Nuclear Watch South filed proposed legal findings as evidence in its case against the MOX Project, maintaining that MOX's technological methods of accounting for its plutonium supply are unsafe and should be handled in a more hands-on fashion.
The citizens' group is based out of Atlanta, and filed these findings with the Atomic Safety and Licensing Board of the Nuclear Regulatory Commission. The group is challenging MOX's plans for plutonium control and accounting and is deeming those plans as “inadequate“ in its findings, which were filed following a second round of closed hearings at the Nuclear Regulatory Commission Headquarters in May.
MOX's plutonium fuel factory is located at the Savannah River Site and serves as a major factor in the national program to dispose of nuclear weapons-grade plutonium. Once completed, its primary mission will be to convert 50 tons of weapons-grade plutonium into a new type of reactor fuel that would serve a more beneficial purpose.
Nuclear Watch South is working in conjunction with the Blue Ridge Environmental Defense League, the Nuclear Information Resource Service and expert witness Dr. Edwin S. Lyman, a senior scientist with the Union of Concerned Scientists. The trio is leaning on the testimony of Lyman in their lawsuit and Lyman's belief that MOX's planned plutonium accounting methods are flawed.
Lyman has further stated that plutonium theft chances could increase rather than decrease if MOX's factory is licensed to work without changes to material control and accounting plans. One of the primary concerns that the groups have voiced is MOX's decision to use computer programs to track inventory and keep an account of plutonium.
“In order to detect and deter theft and diversion of plutonium, NRC regulations require MOX Services to demonstrate it can verify the presence and integrity of all plutonium items in the MOX Facility,” Lyman stated. “But given the vulnerability of computer systems to manipulation by adversaries, this data can be corrupted. There is no substitute for direct physical checks.”
Lyman, and the rest of the prosecuting parties, have furthered their argument by stating that the computer programs MOX is using for accounting do not safely prevent cyber attacks.

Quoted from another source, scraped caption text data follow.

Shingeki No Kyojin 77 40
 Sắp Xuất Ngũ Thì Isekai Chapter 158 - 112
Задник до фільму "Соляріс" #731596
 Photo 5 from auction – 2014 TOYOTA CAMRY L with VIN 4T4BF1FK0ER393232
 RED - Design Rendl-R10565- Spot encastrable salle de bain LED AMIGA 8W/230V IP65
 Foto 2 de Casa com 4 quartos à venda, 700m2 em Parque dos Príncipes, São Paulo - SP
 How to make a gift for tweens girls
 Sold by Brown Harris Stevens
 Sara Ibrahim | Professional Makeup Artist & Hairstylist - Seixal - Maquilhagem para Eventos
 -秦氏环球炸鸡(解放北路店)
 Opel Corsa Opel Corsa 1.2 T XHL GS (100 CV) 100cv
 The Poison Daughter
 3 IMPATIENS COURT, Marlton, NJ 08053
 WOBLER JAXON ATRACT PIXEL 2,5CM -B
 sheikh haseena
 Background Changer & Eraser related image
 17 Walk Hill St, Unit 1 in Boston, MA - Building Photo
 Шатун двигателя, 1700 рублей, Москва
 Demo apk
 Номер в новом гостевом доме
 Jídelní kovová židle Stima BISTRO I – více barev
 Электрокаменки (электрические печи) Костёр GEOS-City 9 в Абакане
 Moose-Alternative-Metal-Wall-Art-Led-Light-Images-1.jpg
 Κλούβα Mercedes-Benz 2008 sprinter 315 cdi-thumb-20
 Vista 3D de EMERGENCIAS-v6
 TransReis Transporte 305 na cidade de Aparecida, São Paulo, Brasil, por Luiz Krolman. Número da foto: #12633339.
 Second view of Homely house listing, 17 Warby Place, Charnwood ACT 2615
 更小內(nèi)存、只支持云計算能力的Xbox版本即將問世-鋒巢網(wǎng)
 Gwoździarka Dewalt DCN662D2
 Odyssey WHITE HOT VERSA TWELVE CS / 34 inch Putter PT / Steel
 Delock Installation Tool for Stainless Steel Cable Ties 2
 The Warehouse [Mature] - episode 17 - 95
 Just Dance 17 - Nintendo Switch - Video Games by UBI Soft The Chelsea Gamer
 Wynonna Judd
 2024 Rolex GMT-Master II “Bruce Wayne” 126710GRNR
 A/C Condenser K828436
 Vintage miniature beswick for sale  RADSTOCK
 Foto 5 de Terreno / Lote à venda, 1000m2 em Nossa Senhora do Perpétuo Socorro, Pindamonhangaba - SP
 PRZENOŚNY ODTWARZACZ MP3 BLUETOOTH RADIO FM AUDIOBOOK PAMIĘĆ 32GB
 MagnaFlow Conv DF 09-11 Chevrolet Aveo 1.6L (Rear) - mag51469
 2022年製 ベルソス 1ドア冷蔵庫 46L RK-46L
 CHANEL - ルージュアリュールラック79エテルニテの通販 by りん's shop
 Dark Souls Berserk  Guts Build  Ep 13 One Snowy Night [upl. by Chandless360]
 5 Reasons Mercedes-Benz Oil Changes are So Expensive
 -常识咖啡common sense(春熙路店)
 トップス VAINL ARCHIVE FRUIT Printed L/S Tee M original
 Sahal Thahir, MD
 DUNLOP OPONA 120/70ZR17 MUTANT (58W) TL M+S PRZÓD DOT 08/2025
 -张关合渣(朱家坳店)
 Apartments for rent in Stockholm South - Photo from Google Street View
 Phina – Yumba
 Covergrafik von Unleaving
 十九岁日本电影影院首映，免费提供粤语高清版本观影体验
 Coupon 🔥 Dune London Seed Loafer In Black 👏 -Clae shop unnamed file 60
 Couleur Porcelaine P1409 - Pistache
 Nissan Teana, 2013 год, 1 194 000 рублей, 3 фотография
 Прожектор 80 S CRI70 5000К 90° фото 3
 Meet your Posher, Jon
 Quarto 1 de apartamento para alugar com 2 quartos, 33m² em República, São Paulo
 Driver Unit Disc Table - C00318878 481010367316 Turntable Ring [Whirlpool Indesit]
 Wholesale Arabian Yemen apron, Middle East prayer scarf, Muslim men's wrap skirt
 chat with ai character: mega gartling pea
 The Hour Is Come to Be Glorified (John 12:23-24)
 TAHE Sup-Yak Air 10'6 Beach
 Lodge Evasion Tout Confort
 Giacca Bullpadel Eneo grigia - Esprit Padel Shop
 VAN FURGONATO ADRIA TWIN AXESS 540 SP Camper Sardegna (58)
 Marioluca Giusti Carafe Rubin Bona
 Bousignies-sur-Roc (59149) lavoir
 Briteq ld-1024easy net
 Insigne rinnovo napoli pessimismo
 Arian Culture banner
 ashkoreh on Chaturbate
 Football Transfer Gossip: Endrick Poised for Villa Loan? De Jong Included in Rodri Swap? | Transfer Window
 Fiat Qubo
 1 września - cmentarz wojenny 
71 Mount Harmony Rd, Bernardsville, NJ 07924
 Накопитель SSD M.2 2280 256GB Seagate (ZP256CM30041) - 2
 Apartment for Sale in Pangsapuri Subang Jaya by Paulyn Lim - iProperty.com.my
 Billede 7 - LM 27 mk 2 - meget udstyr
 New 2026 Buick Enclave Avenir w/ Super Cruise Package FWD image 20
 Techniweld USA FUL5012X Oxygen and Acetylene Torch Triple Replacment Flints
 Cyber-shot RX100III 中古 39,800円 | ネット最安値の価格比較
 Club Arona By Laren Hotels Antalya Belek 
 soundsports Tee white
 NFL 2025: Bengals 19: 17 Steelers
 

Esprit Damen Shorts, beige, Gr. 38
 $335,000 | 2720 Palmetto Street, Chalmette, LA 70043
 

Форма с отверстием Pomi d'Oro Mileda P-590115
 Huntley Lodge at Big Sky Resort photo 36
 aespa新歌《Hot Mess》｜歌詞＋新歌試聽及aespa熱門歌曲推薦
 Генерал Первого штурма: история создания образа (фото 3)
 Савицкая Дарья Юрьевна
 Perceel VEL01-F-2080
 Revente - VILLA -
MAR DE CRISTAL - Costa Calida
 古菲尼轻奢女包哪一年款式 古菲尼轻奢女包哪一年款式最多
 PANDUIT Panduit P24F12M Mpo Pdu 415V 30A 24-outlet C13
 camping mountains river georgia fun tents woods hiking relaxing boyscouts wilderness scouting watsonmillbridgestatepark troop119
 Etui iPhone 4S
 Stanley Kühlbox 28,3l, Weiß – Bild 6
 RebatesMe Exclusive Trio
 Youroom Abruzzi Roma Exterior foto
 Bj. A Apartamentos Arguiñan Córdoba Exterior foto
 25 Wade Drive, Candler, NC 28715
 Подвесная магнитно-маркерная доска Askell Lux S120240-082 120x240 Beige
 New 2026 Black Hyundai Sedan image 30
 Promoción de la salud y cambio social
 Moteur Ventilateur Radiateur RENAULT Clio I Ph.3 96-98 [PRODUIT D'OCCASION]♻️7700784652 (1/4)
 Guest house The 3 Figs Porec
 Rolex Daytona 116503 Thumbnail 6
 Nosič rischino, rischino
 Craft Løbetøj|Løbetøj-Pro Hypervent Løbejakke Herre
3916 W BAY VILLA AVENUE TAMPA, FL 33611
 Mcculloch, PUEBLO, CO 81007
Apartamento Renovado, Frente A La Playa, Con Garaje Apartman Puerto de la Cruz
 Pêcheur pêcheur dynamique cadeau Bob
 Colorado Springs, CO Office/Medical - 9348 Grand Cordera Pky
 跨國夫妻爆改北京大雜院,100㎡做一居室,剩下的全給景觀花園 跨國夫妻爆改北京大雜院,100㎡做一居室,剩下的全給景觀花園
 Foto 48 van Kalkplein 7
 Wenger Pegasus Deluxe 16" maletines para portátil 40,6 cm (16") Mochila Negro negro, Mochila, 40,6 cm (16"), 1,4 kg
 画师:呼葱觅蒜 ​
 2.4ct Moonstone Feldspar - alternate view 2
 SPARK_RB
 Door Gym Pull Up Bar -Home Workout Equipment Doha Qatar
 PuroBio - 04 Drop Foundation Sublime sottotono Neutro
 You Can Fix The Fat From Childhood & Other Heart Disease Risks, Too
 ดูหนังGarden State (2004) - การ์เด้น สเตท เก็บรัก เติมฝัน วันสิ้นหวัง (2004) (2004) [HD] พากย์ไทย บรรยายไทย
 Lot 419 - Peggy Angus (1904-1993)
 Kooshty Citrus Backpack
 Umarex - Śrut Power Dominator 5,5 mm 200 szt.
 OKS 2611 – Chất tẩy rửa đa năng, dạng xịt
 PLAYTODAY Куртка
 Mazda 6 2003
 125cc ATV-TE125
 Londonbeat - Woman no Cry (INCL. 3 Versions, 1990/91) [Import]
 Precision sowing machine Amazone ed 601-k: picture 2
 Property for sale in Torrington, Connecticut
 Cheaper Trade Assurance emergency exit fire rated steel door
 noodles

“Although the Joint Chiefs of Staff have identified cyber attack as one of the most serious threats to U.S. security,” said Diane Curran, the group's attorney, “the NRC does not have any regulations for protection of facilities like the MOX factory from cyber attack.”
A spokesperson with MOX Services said he could not comment on pending legal matters.
Currently, MOX, as well as Nuclear Watch South, are waiting on a ruling from the Atomic Safety and Licensing Board. As of now, there is not an official ruling date schedule.
Nuclear Watch South, headquartered in Atlanta, has legally opposed MOX licensing since 2001.